Neden Felatun Bey ile Rakım Efendi?
Aslında Recaizade’nin Araba Sevdası ile bu kitap arasında kaldık. Fakat, Araba Sevdası sadece alafranga karakter üzerine yoğunlaşıyor. Felatun Bey ile Rakım Efendi hem alaturka hem de alafranga karakteri inceleme şansı veriyor. Tanzimat romanıyla ilk kez tanışacak bir okur için Ahmet Mithat’ın daha ilginç ve kolay anlaşılır olabileceğini düşündük. Bu romanlarda ortaya çıkmaya başlayan züppe tiplemesi ve diğer birçok öge, Türk edebiyatının çeşitli dönemlerinde yeniden, değişerek ve gelişerek karşımıza çıkmaya devam ediyor.

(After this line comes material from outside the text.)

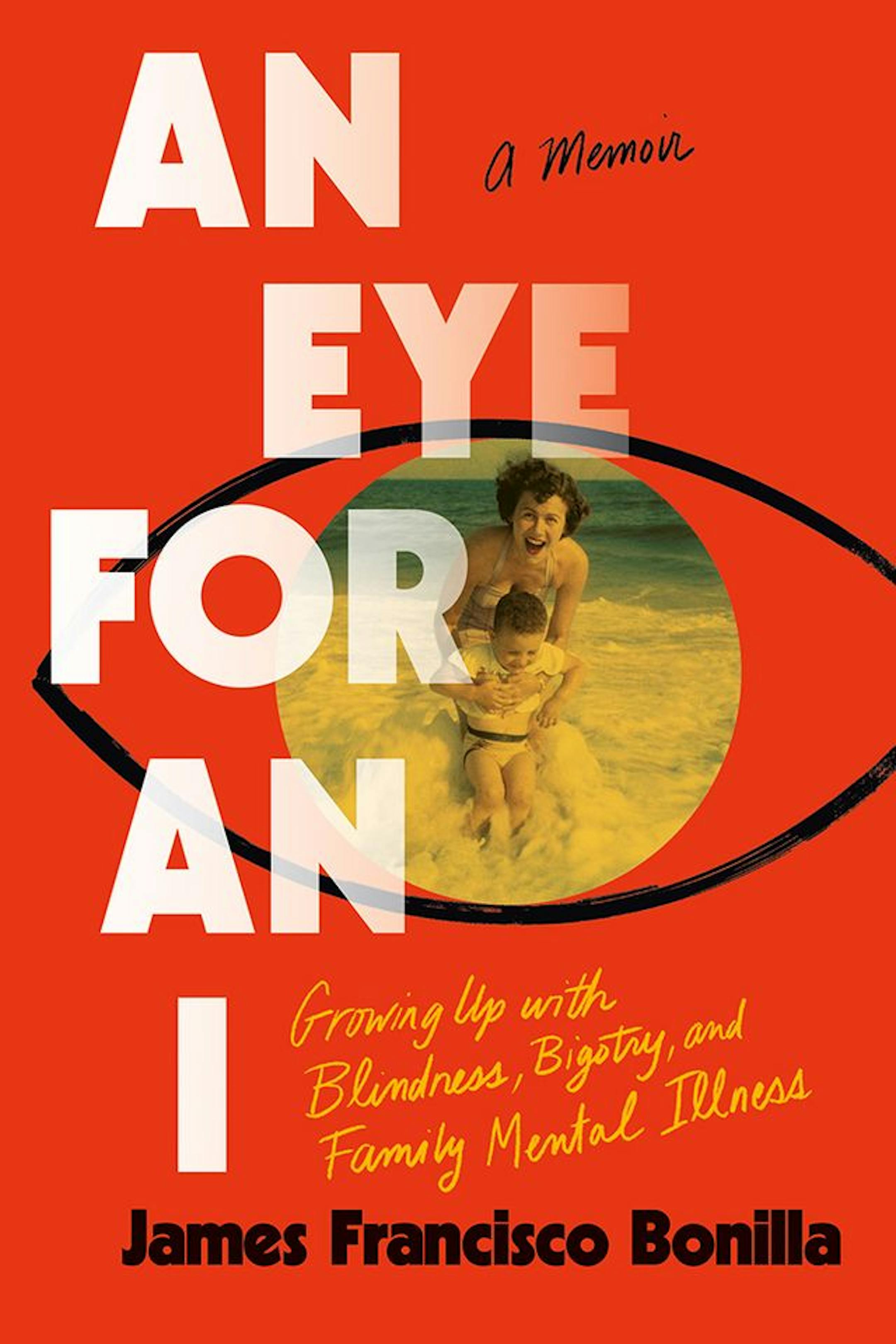 cover of An Eye for an I is red, with a drawing of an eye and a faded photo of a mother and child at the beach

Kitabın basılma süreci ve ilk tepkiler nasıldı? Çevirileriniz devam edecek mi? Neler planlıyorsunuz?
Kitabı Syracuse University Press bastı. Bu yayınevi daha önce de Türk edebiyatına dair farklı projelerde yer almıştı. En önemlisi, yakın zamanda kaybettiğimiz çok değerli edebiyatçı Talat Sait Halman’ın birçok çevirisini ve denemesini yayınlamışlardı. Kitabın üniversitelerde okutulmaya başladığı haberlerini aldıkça çok seviniyorum. Hatta daha birkaç ay önce çevirimizi okumakta olan bir sınıf ile video konferans yaptım, hem çeviri hakkında hem de Tanzimat edebiyatı hakkında çok keyifli bir tartışma oldu. Bu çeviri vesilesiyle Tanzimat romanı üzerine çalışmaların artacağını umuyorum.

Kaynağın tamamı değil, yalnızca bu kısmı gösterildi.